Optical neural network accelerator for machine learning

Technology News |
By Jean-Pierre Joosting



Researchers at the George Washington University, together with researchers at the University of California, Los Angeles, and the deep-tech venture startup Optelligence LLC, have developed an optical convolutional neural network accelerator capable of processing large amounts of information, on the order of petabytes, per second.

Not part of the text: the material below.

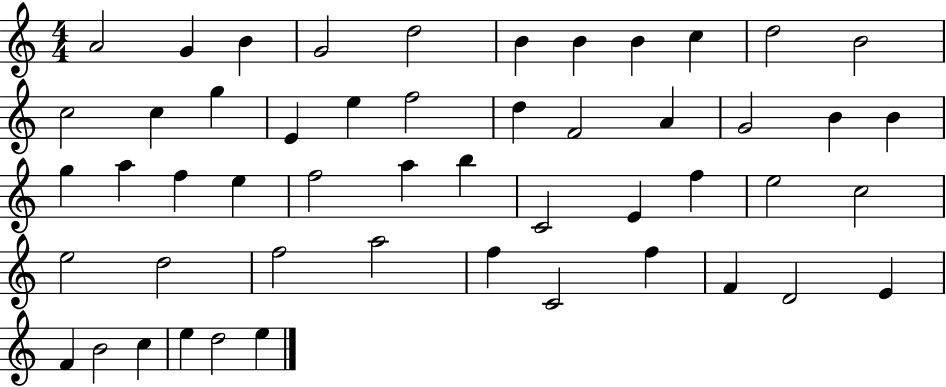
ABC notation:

Machine learning hardware requires a huge amount of computing power supplies. Graphics and tensor processing accelerators help address this, but are intrinsically challenged by serial data processing that requires iterative data processing and encounters delays from wiring and circuit constraints. Optical alternatives could also help speed up machine learning processes by simplifying the way information is processed in a non-iterative way. However, photonic-based machine learning is typically limited by the number of components that can be placed on photonic integrated circuits, limiting the interconnectivity, while free-space spatial-light-modulators are restricted to slow programming speeds.

Researchers achieved a breakthrough in optical machine learning by replacing spatial light modulators with digital mirror-based technology, thus developing a system over 100 times faster. The non-iterative timing of this processor, in combination with rapid programmability and massive parallelization, enables this optical machine learning system to outperform even the top-of-the-line graphics processing units by over one order of magnitude, with room for further optimization beyond the initial prototype.

Unlike the current paradigm in electronic machine learning hardware that processes information sequentially, this processor uses the Fourier optics, a concept of frequency filtering which allows for performing the required convolutions of the neural network as much simpler element-wise multiplications using the digital mirror technology.


According to Volker Sorger, associate professor of electrical and computer engineering at the George Washington University, ”This massively parallel amplitude-only Fourier optical processor is heralding a new era for information processing and machine learning. We show that training this neural network can account for the lack of phase information”

Puneet Gupta, professor and vice chair of computer engineering at UCLA commented, ”Optics allows for processing large-scale matrices in a single time-step, which allows for new scaling vectors of performing convolutions optically.”

This innovation, which harnesses the massive parallelism of light, heralds a new era of optical signal processing for machine learning with numerous applications, including in self-driving cars, 5G networks, data-centers, biomedical diagnostics, data-security and more.

Hamed Dalir, Co-founder, Optelligence LLC says, ”This prototype demonstration shows a commercial path for optical accelerators ready for a number of applications like network-edge processing, data-centers and high-performance compute systems.”

The paper, “Massively Parallel Amplitude-Only Fourier Neural Network” was published in the journal OPTICA.